The Kyodo news agency said after the polls closed that its projections showed a former mayor, Takeshi Onaga, was certain to defeat incumbent Okinawa Gov. Hirokazu Nakaima. The incumbent, who ran with the backing of Abe’s Liberal Democratic Party, had approved a U.S.-Japan plan to relocate Futenma to a less populous part of the island.
Onaga, a conservative who once supported the base move to coastal northern Okinawa, later changed his mind to say he wanted it out of the prefecture.
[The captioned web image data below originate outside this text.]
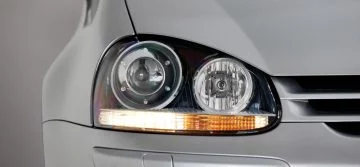 Vista cercana del faro delantero de un Volkswagen, destaca su diseño clásico.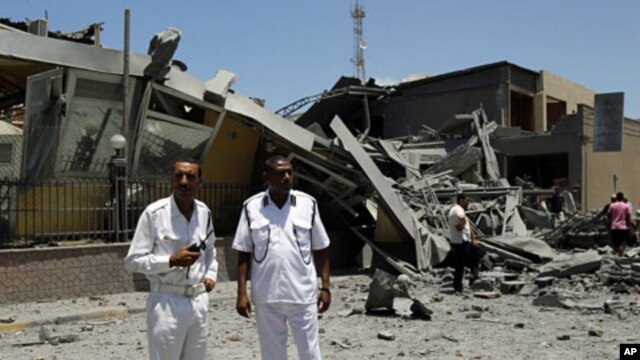 Libyan policemen stand next to a destroyed building that officials said was struck by a NATO airstrike in Tripoli, June 16, 2011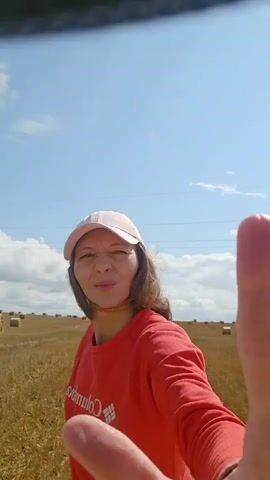A woman wearing a pink baseball cap and a red long-sleeved shirt runs through a field of hay bales under a blue sky with scattered clouds. The woman starts running towards the right of the frame, then jumps in the air.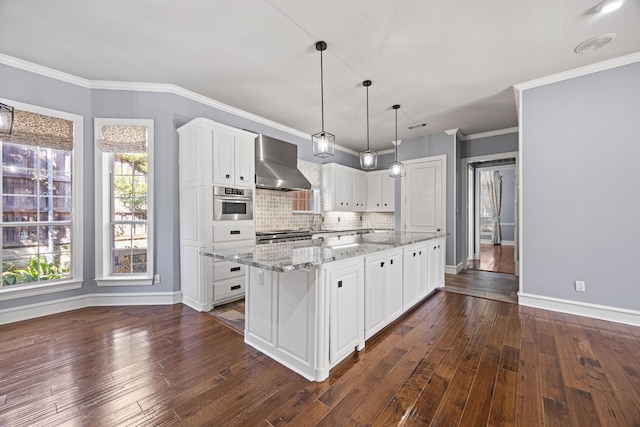 kitchen featuring wall chimney exhaust hood, white cabinetry, stainless steel oven, decorative light fixtures, and a center island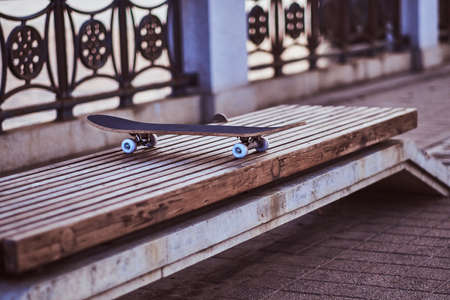Close-up photo of a skateboard that standing on a bench on the embankment during a beautiful sunset.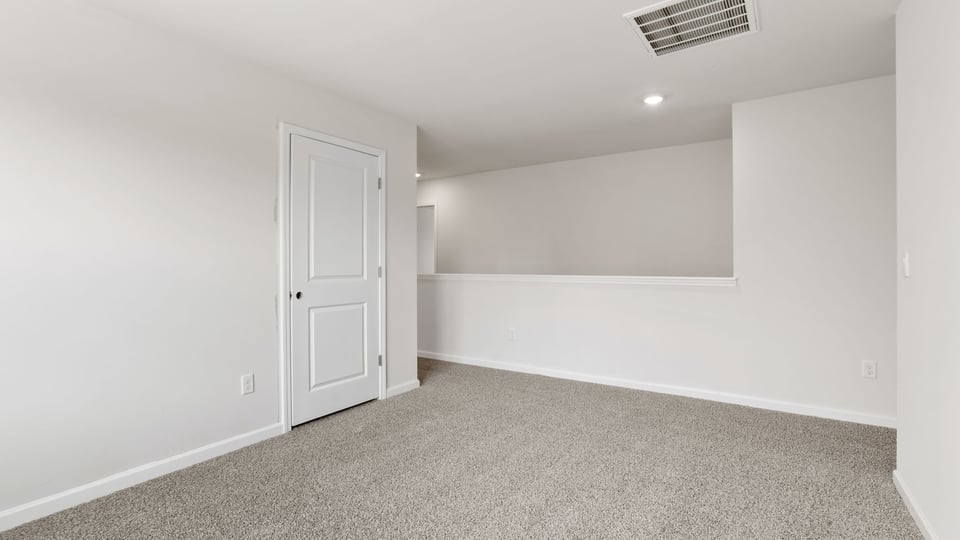 Bedroom with carpet and window.
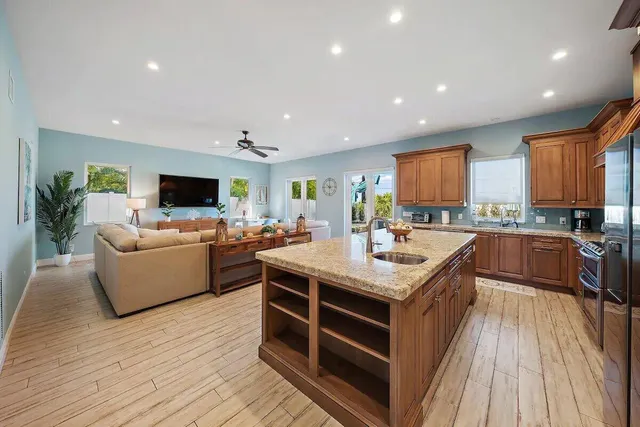 a kitchen with a stove top oven and sink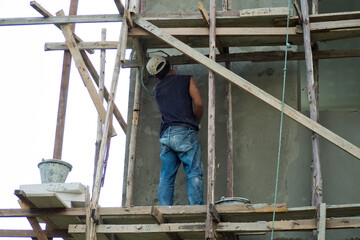 Naklejka na ściany i meble Workers are building on high, building house, worker, construction irons for building 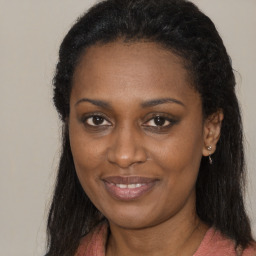 Joyful black young-adult female with long  brown hair and brown eyes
His platform was also critical of other Abe policies, such as the use of nuclear power.
Describing his victory as “a new page in history,” Onaga told reporters: “I am determined to work toward canceling and withdrawing it [the relocation plan],” Kyodo reported.
Abe’s government has insisted the plan will go ahead regardless of the outcome of the local election, but the results add new uncertainty to the outlook for the long-stalled project.
When Nakaima approved the plan last year, Washington welcomed it as an important step in efforts to bolster U.S.-Japan ties and rebalance Washington’s foreign policy toward Asia.
Tokyo and Washington first agreed to relocate Futenma to another site on the island in 1996, but the plan has stalled in the face of opposition by many residents, who associate the U.S. base with noise pollution, crime and accidents. Opponents want the U.S. military to leave Okinawa altogether.
Accounting for less than 1 percent of Japan’s landmass, the southern island hosts more than one-half of the 47,000 U.S. service personnel stationed in the country. Futenma, located in a densely populated area, has been a lightning rod for local opposition.
Nakaima’s loss is a headache for Abe, but was unlikely to affect his expected decision to postpone an unpopular sales-tax hike and call a snap election to try to secure his grip on power while his voter support is still relatively robust.
Ruling-party politicians have said Abe could announce as early as Tuesday that he will delay a planned rise in the sales tax to 10 percent until next October and call a general election for Dec. 14.
Abe returned to power in December 2012 pledging to revive the economy with a mix of hypereasy monetary policy, reforms and spending. Opposition politicians say delaying the tax hike would show that his so-called Abenomics growth strategy has failed.